After heated discussion from the opening speakers, the topic of debate moved to how Solvency II would affect annuities, which was discussed by a group of three panellists, led by the ABI’s assistant director of prudential regulation, Jon de Beer.

Mr de Beer began by warning that numerous issues still stand in the way of making Solvency II work for the UK market and that there was little time left to iron out the remaining potholes.

He said: “Level 2 will be very tricky. There is no appetite from institutions to reopen discussions and the timeline doesn’t leave a lot of space in trying to influence the process. Parliament’s power at level 2 is only to accept or reject. It does not get to amend it.”

Mr de Beer said it was “fundamental” to prioritise and focus on what could be realistically changed at this late point.

Fellow panel member Jim Rasque, policy adviser for prudential regulation at Insurance Europe, acknowledged the difficulties faced in finding a EU-wide compromise and the latest proposals’ lack of perfection, but eased concerns by emphasising the presence of a review clause.

He said: “There is a review clause in the text so we wouldn’t expect it to be forever. We can potentially do some refinements and it is a work that will not stop. It is a delicate balance.”

Both Mr Rasque and the final panellist, Carl Dowthwaite, struck another blow when warning that Solvency II, for all its improvements, may still stifle product innovation.

Mr Dowthwaite, group commercial actuary for Legal & General, responded: “I fear it may affect the scope for innovative products and could make it hard for firms to deviate from the standard patterns.”

After lunch, and the opportunity to digest a barrage of mixed opinion, play resumed with a five-man panel dedicated to addressing interim measures.

Most vocal in this group of delegates was David Innes, the head of economic capital at RSA, who openly-criticised the ambiguity of the proposals before adding that “one recipe” was never likely to function harmoniously across the Continent.
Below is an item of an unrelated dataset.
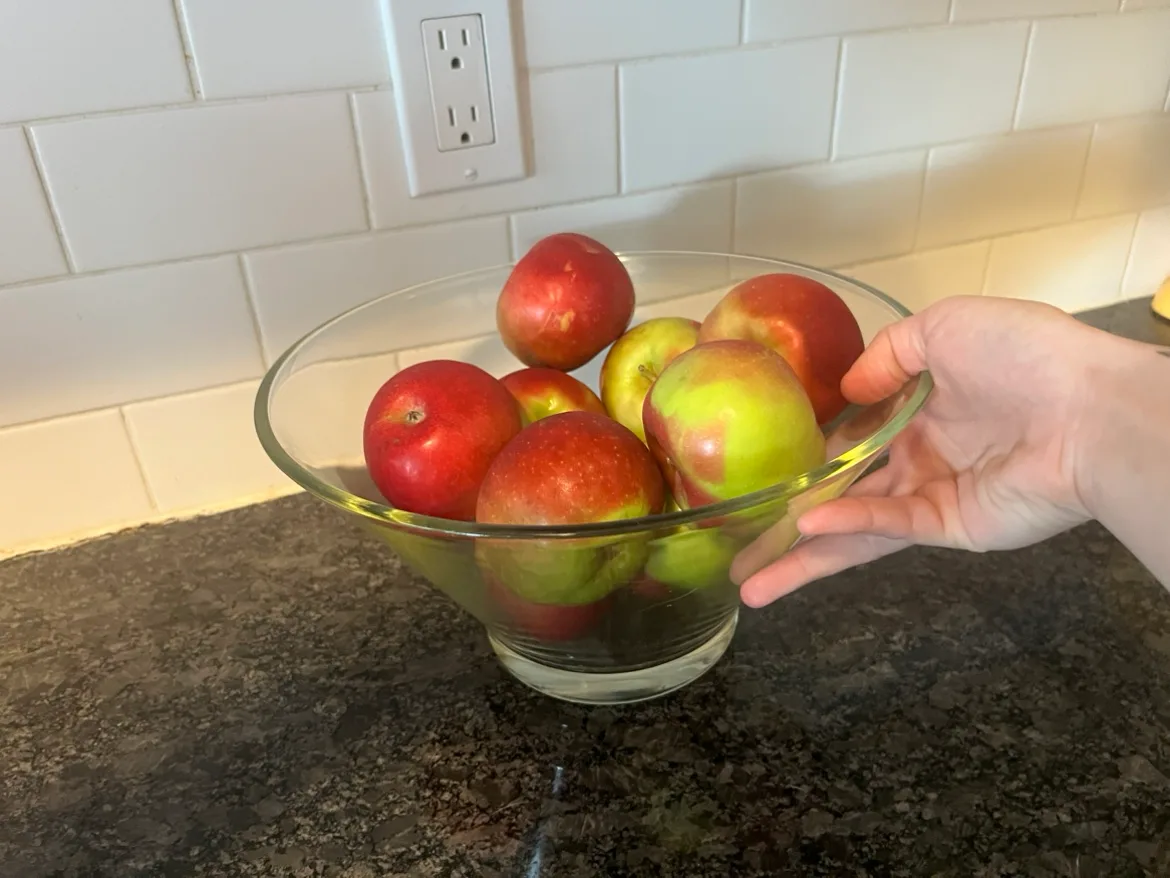 Glass Serving Bowl image indicator(8)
Among his biggest concerns was the lack of clarity on compliance levels, excessive paperwork and the presence of too many regulators. These factors, he said, had made it increasingly difficult to get a concrete and consistent understanding of an inaccessible Solvency II.
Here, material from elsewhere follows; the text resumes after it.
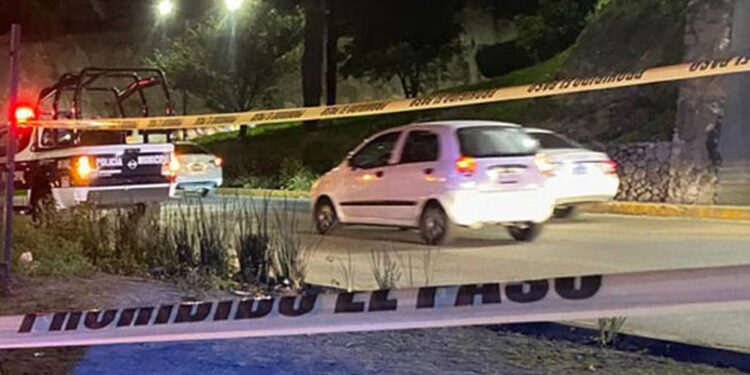 Muere motociclista al instante luego de derrapar en crucero de Naucalpan - La Prensa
ABI director general Otto Thoresen chose his words carefully when delivering his closing speech. Opting to focus on the positives of what has been a very long journey, he stressed that the end result was close and congratulated the government and all parties involved for fighting to deliver a good outcome.

Mr Thoresen had clearly been mulling over Mr Javid’s Godfather II speech and put forward his own submission, The Day after Tomorrow, to summarise the Solvency story.

Characterising it as a father-and-son sci-fi film, he went on to define it as an adventure of massive destruction and climate change that eventually ended with the clearing of the storm, sunshine and hope.

Whether Solvency II will end in such a Hollywood fashion, however, is yet to be determined.

The overall message from the conference was of massive improvements on previous proposals, but with plenty of work still to do to protect the future of the UK insurance sector in a very limited time-frame.